W najlepszym przypadku jest to tylko dziura w jezdni, której nie zdążyło się ominąć. Często jednak zdarza się kolizja lub wypadek z dość poważnymi konsekwencjami. Obarcza się wtedy winą wszystko i wszystkich dokoła, zamiast spojrzeć na siebie, na swoje zachowanie jako kierowcy i na stan Twego pojazdu.
Często najtrudniejszymi towarzyszami w podróży są ludzie najbliżsi czyli rodzina. O ile z dziećmi sprawa jest dość prosta, gdyż to Ty je zabierasz w podróż i krok po kroku pokazujesz jak kierować ich własnymi pojazdami oraz jak o nie dbać, o tyle z dorosłymi się to komplikuje. Każdy, kto postanawia uczestniczyć w Twej podróży, ma za sobą pewien bagaż doświadczeń i przez ich pryzmat widzi i ocenia Twoją jazdę i kierunek w którym zdążasz.
Większość ludzi nie zdaje sobie sprawy z tego, że życie to coś nieprzewidywalnego, a przez to cudownego w swej formie. Chcieli by oni by wszystko trwało niezmiennie, było skrystalizowane. Jadąc jednak autobusem życia, nigdy nie wiesz do końca co Cię czeka za najbliższym zakrętem.
Może ta ulica będzie pusta i oświetlona promieniami Słońca a może zamknięta przez roboty drogowe. W takim przypadku trzeba zawrócić i poszukać innej. I wtedy należy zaufać swemu wewnętrznemu przewodnikowi. A także uważnie obserwować drogowskazy i znaki dawane przez Wszechświat. Towarzysze podróży na niewiele się zdadzą. Każdy by chciał byś jechał w stronę jemu znaną a przez to wygodną.
Jeżdżąc wciąż po tych samych drogach staje się to jednak nudne i nie można w żaden sposób się rozwinąć, Choć i na nich czasem można spotkać niespodzianki, które zmuszają do zmiany trasy. Większość ludzi jednak, za wszelką cenę szuka powrotu do tego co zna, tracąc całe piękno Nieznanego. Patrząc na chmury, za każdym razem widzisz je inne. Fale nad brzegiem morza też są niepowtarzalne.
Zza kierownicy autobusu Życia można zobaczyć wiele, pod warunkiem podróżowania swoimi ścieżkami.

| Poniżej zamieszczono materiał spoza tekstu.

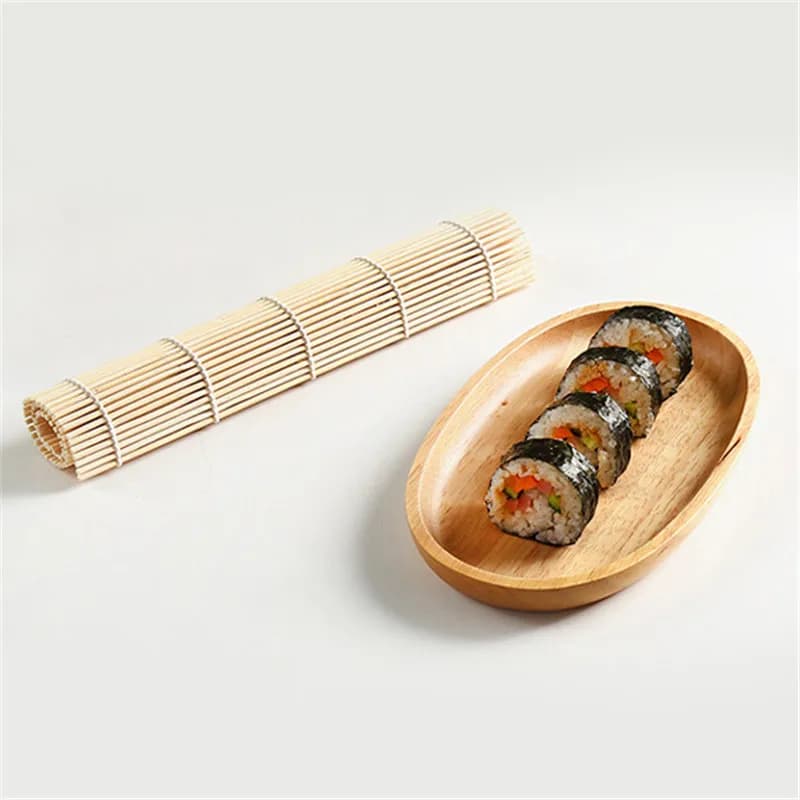 Kit de Fabrication de Sushi en Bambou : Moule à Rouleaux de Riz, Rouleau de Cuisine DIY, Spatule à Riz, Tapis à Sushi, Épandeur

Jadąc od czasu do czasu drogą główną, ale w większości poruszając się poza utartymi szlakami, odkrywamy tajemnice dla większości niedostępne.
Wyczyśćmy więc szyby i lusterka naszej percepcji i wyruszmy w naszą osobistą podróż na spotkanie z czymś nieznanym. Nie starajmy się jechać tam gdzie chcą inni, bo oni mają swoją drogę, która najczęściej nie pokrywa się z naszą, lub jest taka w niewielkim stopniu.
Życzę Wam wszystkim odnalezienia własnej trasy i wysadzenia na najbliższym przystanku tych, którzy chcą na siłę dostosować Was do ich oczekiwań.